• [HOW TO COMPLETE THIS TASK]
Although the records contain pictures, the copy should leave them out and match everything else exactly.

• [STORED DATA]
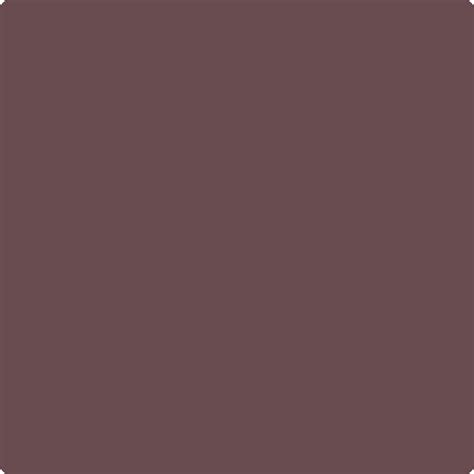 1358 Dark Walnut By Benjamin Moore The Color House Thecolorhouse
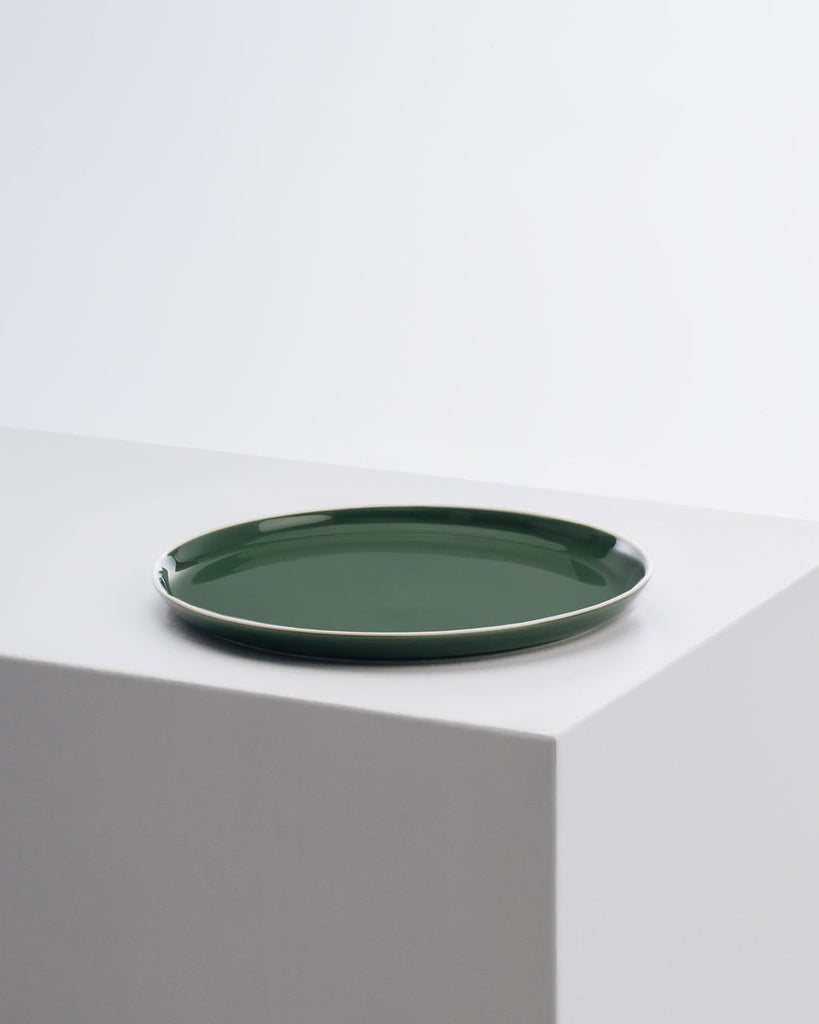Kawakawa Roman Plate - Large
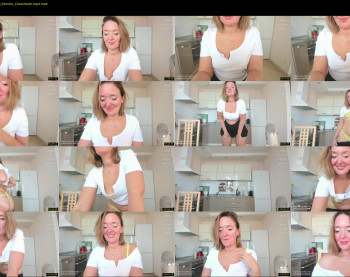 braingirl — 107 minute Chaturbate female cam show recording, 720p, Nov 22, 2020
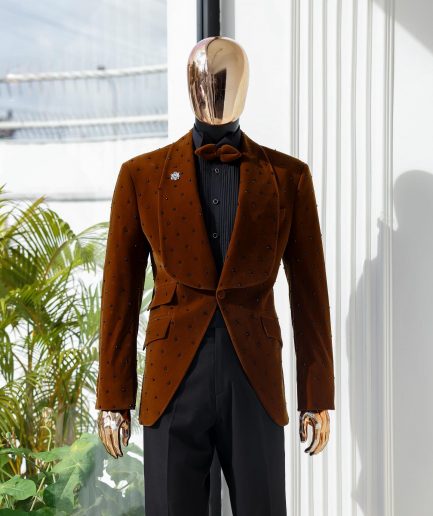The Syrup Suit.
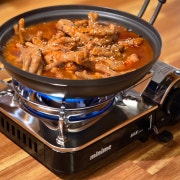 국물닭발(통뼈) 메뉴 사진(네이버)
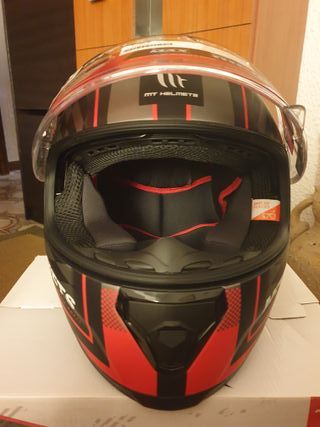 Casco MT Thunder 3 SV Isle of Man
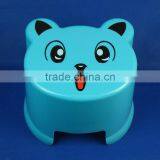 Nonslip Child up Plastic Stool Step thumbnail-3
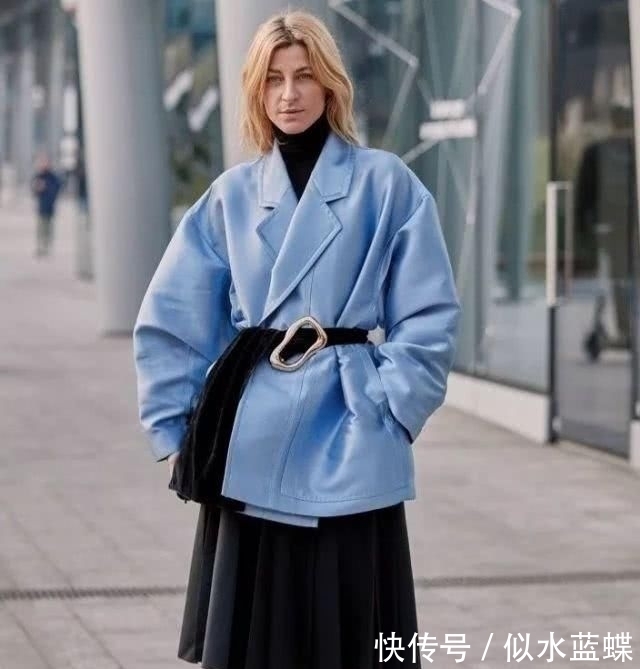  石灰|雾霾蓝out啦！2020年“石灰蓝”火了！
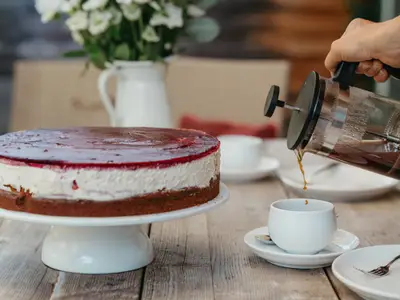 Bussjaegerhof Abendsonnenwiese Terrasse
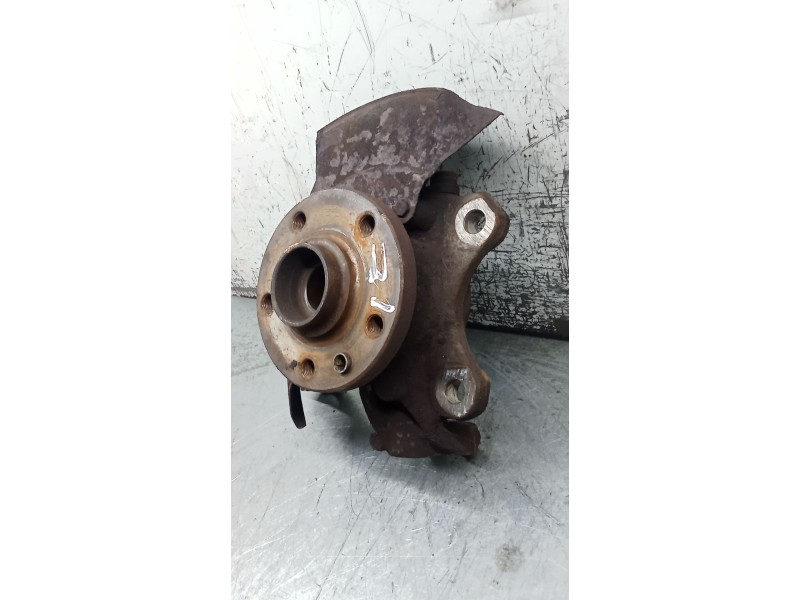 Recambio de mangueta delantera izquierda para volkswagen transporter t4 furgoneta (70a, 70h, 7da, 7dh, 70j) 2.5 tdi referencia O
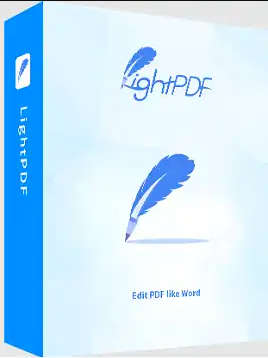 LightPDF Editor Crack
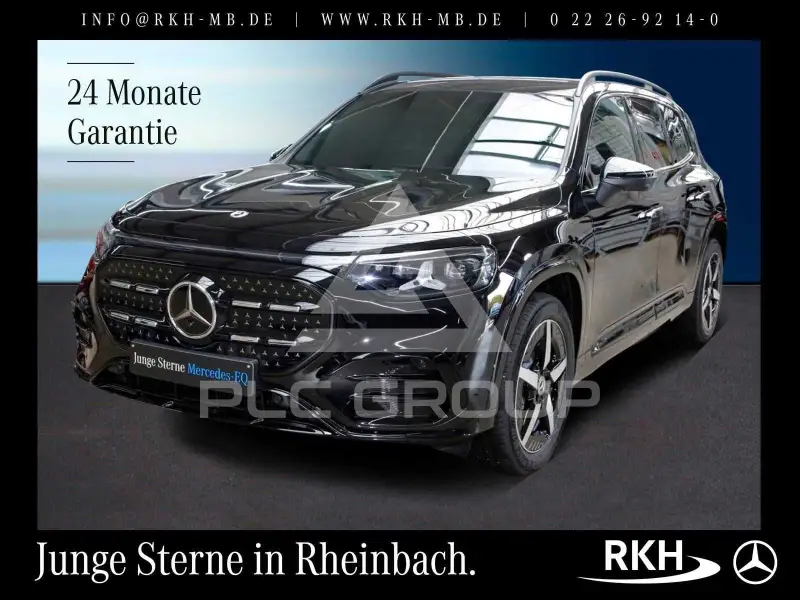 2026 Mercedes Benz GLB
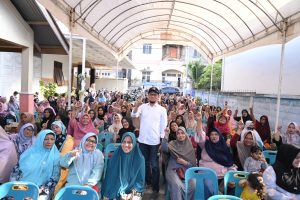Musriadi Turun ke Dapil, Tampung Aspirasi Warga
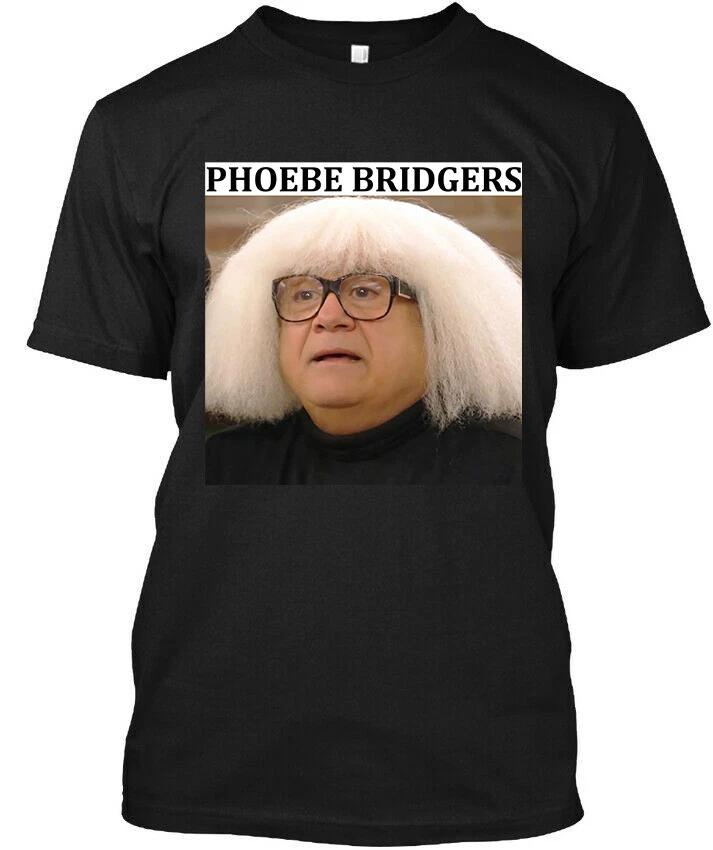 NEW! Popular Phoebe Bridgers Danny DeVito American Graphic Vintage T-SHIRT S-5XL XXL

• [RESULT OF THE TASK]
 1358 Dark Walnut By Benjamin Moore The Color House Thecolorhouse
Kawakawa Roman Plate - Large
 braingirl — 107 minute Chaturbate female cam show recording, 720p, Nov 22, 2020
The Syrup Suit.
 국물닭발(통뼈) 메뉴 사진(네이버)
 Casco MT Thunder 3 SV Isle of Man
 Nonslip Child up Plastic Stool Step thumbnail-3
  石灰|雾霾蓝out啦！2020年“石灰蓝”火了！
 Bussjaegerhof Abendsonnenwiese Terrasse
 Recambio de mangueta delantera izquierda para volkswagen transporter t4 furgoneta (70a, 70h, 7da, 7dh, 70j) 2.5 tdi referencia O
 LightPDF Editor Crack
 2026 Mercedes Benz GLB
Musriadi Turun ke Dapil, Tampung Aspirasi Warga
 NEW! Popular Phoebe Bridgers Danny DeVito American Graphic Vintage T-SHIRT S-5XL XXL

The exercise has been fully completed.